Кто не жил сознательной жизнью в 50—70-е годы, тому не понять роли и значения Солоухина в пробуждении русского самосознания. Откроют они «Письма из Русского музея», прочтут о храме Христа Спасителя и скажут: «Ну и что? Давно уже построили новый». И невдомек им, что было и другое время, когда сказать хоть слово в защиту храма значило поломать свою жизнь. Недавно разговаривал с одной пятидесятилетней женщиной, она говорит: «“Письма из Русского музея” перевернули в моем, тогда еще совсем молодом сознании, все установленные представления о жизни. Это было откровение. До сих пор помню: как называется улица, соединяющая Невский с Площадью искусств? Улица Бродского. А кто такой Бродский? А это тот, что вождей рисовал. Помню Ангела Златые власы…»

От Москвы до Петушков два часа езды на электричке, а там нас с женой и зятем дожидался в своем «Запорожце» Владимир Николаевич Алексеев, большой знаток Владимирщины. Мы не раз колесили с ним по ее деревням.

– Будете писать? – спросил меня Алексеев, когда машина задребезжала и тронулась с места.

– Не знаю… – пробурчал я.

И тут же вспомнил, как однажды Солоухин уезжал в командировку, а я спросил у него:

– Будешь собирать материал?

А он ответил:

– Материал собирает прокурор. Я еду жить.

Солоухина нет. Мне хотелось думать, что я еду пожить у его могилы.

К селу Алепино мы подъезжали в солнечный холодный полдень. В этом году выпало много снега, а в первых числах апреля подморозило. Березы стали уже лиловыми от почек, а ветлы у речушек успели пожелтеть от сережек, но на всхолмленной равнине алепинских окрестностей лежал снег. В лесу и в перелесках он был глубоким, а на полях кое-где по буграм появились проталины.

– Смотрите, коршун! – сказал Володя Алексеев. – Прилетел уже.

Я посмотрел в боковое стекло машины и увидел парящую птицу. Сразу вспомнился наш спор с Солоухиным по поводу ястреба. Спорить с ним было непросто, он редко уступал. В одном из его стихотворений про ястреба, не в том, что начинается строкой: «Я вне закона, ястреб гордый…», а в другом (что-то не помню его названия), автор влезает на дерево и выкидывает из гнезда птенцов ястреба.

– Но ты описываешь не ястреба, а сокола, – говорил я ему.

– Почему?

– Да потому, что ястреб – кошка воздуха. Он затаивается в ветвях, кидаясь на свою добычу. А сокол – собака воздуха, он догоняет свою жертву и бьет ее в воздухе.

Солоухин не соглашался:

– Это в тебе говорит ученый-орнитолог. А кто это знает?

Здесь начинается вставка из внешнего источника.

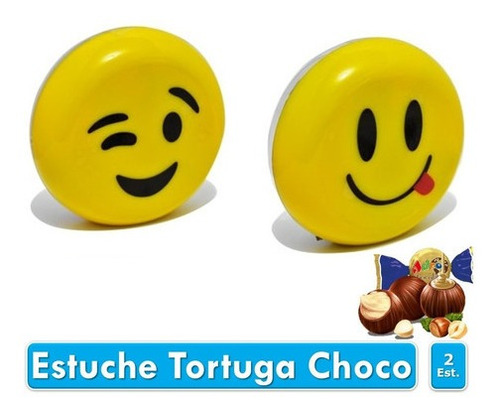 Estuche Regalo Chocolates Carita Emoji 45gr X 2uds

– Ты автор, поэт. Должен знать. Сокол редкая, охраняемая птица.

– Вот именно – поэт. Тут нужен образ, а не сведения из твоих определителей птиц.

Он начинал сердиться, и я уступал. С другим человеком я бы этого никогда не сделал.

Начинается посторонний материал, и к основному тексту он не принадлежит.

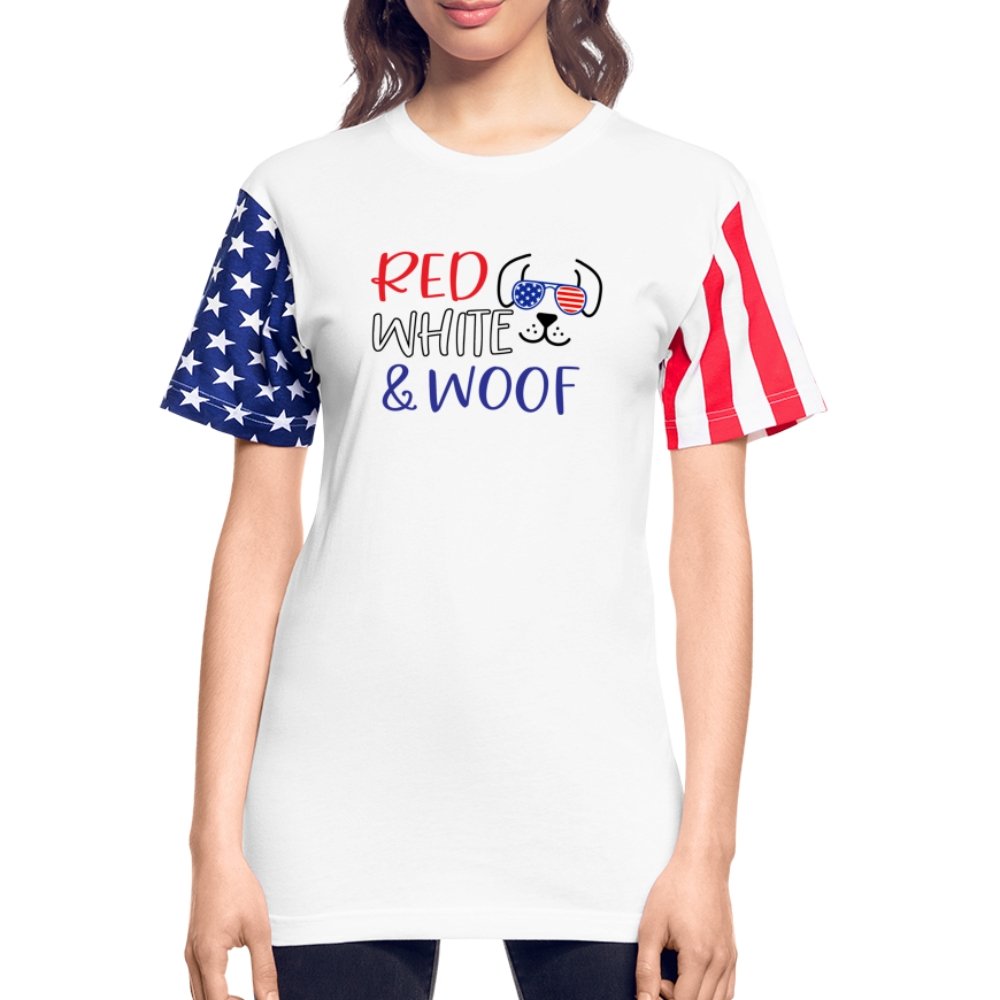 Red, White, and Woof - T-shirt - white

Книги Солоухина часто встречали в штыки специалисты-ученые. «Письма из Русского музея» возмущали искусствоведов, «Трава» – ученых ботаников. Разве что «Прекрасную Адыгене» альпинисты, хоть и отмечали проколы «новичка», приняли с благодарностью. Но ведь не один из многих тысяч научных трудов по искусству или по ботанике не могли тронуть души людей, они способны лишь заложить в нас какие-то знания. Книги же Солоухина заставляли думать, волноваться, становились в тысячи раз дороже сухих статей «искусствоведов». Помню, я сказал ему:

– Ты в «Прекрасной Адыгене» перепутал фамилию альпиниста, написал Лунычкин вместо Луничкин. Он обиделся. Эстонца спутал с латышом, насчет «чистых скалолазов» ты загнул… Что бы дать мне почитать рукопись…

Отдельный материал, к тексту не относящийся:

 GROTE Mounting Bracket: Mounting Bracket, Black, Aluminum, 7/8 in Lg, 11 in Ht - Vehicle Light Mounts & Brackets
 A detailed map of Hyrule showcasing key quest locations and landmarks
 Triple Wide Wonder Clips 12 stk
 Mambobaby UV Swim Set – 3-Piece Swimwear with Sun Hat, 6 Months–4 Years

– Неважно, Саша, – пробасил недовольно Владимир Алексеевич. – Ведь не для него одного написано.

Конечно, конечно это пустяки по сравнению с повестью, которая стала лучшей из книг, рассказывающей об альпинизме, о начальном альпинизме.

Он всегда был тверд и решителен.

– Возвращаюсь на своем «козле», – рассказывал он мне, смеясь, – в час ночи, в легком подпитии. Раз! Задел слегка крылом машины тумбу. А тут милиционер. «Документы! – потом: – „Выйти из машины!“ Вылез. Он изучает мои документы. „Писатель, что ли?“ – „Да. Поэт и прозаик“. – „Про каких еще “заек”? Вы пьяны“. И повез в милицию. Завел в отделение, за стойкой дежурного нет. Положил на нее документы и пошел искать лейтенанта. Сижу – никого нет. Взял документы, ключи, вышел, сел в машину и уехал. Но все-таки нашли, утром звонят: „Вы были пьяны, задержаны и сбежали из отделения“. А я им: – „Да что вы?! Я уже лет десять, как в рот не беру“.

Или вот такой случай. В Париже Солоухин накупил много белоэмигрантских книг. Деникина, Краснова, Ильина, Булгакова, Бердяева… В то время ни одну из подобных книг нельзя было провезти в Союз, навсегда сделался бы невыездным. А он набил ими два ящика и отправил багажом. Через некоторое время его вызывают к начальнику московской таможни. Сидит с ним и товарищ из КГБ.

– Эти книги нельзя провозить, – говорит начальник. – Неужели вы этого не знаете?

– Я писатель, – отвечает Солоухин. – Как же я могу писать об этих людях, не читая их?

И случилось чудо. Они были так поражены, что отдали ему оба ящика.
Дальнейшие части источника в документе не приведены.